(Data entries)
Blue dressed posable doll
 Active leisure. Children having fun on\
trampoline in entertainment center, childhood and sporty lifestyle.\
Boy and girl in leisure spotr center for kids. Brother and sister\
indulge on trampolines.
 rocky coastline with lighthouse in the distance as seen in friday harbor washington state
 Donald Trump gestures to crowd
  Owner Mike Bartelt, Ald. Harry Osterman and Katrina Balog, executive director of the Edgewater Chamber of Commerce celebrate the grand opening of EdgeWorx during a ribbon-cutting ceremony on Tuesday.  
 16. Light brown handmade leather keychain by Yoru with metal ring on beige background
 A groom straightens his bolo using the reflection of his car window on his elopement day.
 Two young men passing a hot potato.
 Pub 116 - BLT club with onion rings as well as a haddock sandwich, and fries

Task requirements:
Write out each line above with the word "leisure".

Written solution:
 Active leisure. Children having fun on\
Boy and girl in leisure spotr center for kids. Brother and sister\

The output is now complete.